Today is very important for anyone who believes that high-fidelity music is something that everyone should care about. It’s called Dynamic Range Day, the day when music fans stand up and scream about the horrible way songs and albums are being mastered in what has been dubbed the Loudness Wars.
Starting in the 1990s, record labels began insisting that albums be mastered—the way they are transferred to CD or to iTunes—to sound as loud as possible. To do that, mastering engineers added all kinds of compression, electronic squishing of the music so our ears perceive it to be louder. With every passing year, more and more compression has been added to make CDs and music files louder than the next. This video explains everything. If you love good sound, it’s important that you watch this.
Well, so what? This destroys any dynamic range in the performance; the quiet bits and the loud bits all seem to be the same.
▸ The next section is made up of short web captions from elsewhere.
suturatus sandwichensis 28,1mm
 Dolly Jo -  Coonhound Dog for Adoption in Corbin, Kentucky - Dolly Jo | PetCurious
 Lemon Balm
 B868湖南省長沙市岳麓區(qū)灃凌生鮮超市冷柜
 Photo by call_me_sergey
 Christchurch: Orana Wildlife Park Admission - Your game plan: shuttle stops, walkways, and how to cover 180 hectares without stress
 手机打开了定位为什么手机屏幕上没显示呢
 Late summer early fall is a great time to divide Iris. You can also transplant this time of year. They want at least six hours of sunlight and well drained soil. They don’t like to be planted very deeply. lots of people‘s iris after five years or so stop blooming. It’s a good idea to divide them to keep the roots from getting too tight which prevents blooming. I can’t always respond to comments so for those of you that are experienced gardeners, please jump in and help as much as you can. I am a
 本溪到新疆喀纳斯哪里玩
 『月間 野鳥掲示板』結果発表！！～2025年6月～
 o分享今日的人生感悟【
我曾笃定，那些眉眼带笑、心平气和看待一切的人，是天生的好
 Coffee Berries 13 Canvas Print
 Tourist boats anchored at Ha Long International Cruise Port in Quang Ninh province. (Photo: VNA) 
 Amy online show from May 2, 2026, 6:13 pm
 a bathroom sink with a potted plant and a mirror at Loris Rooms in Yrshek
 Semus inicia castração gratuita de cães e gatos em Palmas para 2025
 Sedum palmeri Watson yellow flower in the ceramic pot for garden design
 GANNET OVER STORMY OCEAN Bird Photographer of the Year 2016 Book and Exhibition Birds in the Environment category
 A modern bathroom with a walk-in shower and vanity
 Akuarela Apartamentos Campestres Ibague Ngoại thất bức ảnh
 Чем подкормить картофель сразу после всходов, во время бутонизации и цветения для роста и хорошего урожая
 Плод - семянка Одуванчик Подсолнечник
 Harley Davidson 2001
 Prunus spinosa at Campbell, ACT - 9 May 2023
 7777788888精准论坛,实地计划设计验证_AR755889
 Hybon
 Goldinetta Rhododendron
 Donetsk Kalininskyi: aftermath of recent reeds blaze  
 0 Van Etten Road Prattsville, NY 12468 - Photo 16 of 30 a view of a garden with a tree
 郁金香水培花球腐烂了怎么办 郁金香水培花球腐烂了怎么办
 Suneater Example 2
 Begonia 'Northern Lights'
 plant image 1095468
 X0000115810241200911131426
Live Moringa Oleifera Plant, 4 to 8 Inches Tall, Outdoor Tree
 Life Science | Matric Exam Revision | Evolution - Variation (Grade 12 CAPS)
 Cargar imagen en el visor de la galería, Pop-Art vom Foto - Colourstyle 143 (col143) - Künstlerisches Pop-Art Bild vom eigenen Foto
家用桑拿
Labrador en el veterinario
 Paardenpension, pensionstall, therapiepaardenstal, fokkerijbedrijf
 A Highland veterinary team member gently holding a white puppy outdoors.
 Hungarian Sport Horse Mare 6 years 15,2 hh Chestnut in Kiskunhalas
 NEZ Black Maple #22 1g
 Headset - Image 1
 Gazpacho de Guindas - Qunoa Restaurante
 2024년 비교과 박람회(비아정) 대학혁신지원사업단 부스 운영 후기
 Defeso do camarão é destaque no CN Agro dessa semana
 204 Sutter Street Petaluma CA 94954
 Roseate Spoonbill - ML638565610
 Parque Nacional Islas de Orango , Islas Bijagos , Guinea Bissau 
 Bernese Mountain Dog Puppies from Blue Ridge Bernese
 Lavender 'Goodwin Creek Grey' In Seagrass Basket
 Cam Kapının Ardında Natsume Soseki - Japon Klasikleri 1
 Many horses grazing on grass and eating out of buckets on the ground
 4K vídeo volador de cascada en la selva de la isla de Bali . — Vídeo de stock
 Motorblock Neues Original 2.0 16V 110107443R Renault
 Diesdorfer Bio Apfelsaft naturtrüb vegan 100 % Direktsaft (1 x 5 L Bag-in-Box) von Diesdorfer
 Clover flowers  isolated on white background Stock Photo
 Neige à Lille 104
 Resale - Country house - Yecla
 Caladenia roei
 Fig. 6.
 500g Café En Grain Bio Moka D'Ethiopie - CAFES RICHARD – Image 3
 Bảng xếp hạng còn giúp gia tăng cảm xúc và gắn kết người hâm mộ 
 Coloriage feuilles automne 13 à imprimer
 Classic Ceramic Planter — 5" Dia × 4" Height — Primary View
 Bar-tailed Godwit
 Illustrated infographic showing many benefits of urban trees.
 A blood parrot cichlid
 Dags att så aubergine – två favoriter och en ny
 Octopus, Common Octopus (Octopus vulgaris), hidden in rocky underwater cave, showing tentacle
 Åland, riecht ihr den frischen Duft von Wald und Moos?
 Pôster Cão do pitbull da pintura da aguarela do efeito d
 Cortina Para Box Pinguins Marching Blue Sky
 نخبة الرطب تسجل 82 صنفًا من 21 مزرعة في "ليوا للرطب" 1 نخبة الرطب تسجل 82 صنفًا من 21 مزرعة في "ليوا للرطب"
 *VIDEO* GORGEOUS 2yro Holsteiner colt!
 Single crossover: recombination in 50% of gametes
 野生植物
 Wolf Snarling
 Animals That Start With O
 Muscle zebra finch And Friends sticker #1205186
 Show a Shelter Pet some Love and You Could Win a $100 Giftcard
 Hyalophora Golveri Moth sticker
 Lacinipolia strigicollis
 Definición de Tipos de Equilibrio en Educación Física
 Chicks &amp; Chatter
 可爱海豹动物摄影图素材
This introduces distortion and causes all kinds of listener fatigue. Any Red Hot Chili Peppers album released since 1995 are the worst (here’s an example). Metallica’s St. Anger album is an unmitigated disaster. I have CDs from the 1980s that sound fuller and richer than a reissue of the same album put out last year.
Here’s another example of insidiously awful the Loudness Wars are.
Let’s talk another look at “Teen Spirit.”
The point of Dynamic Range Day is for music lovers to say enough is enough. Let the music breathe, goddammit!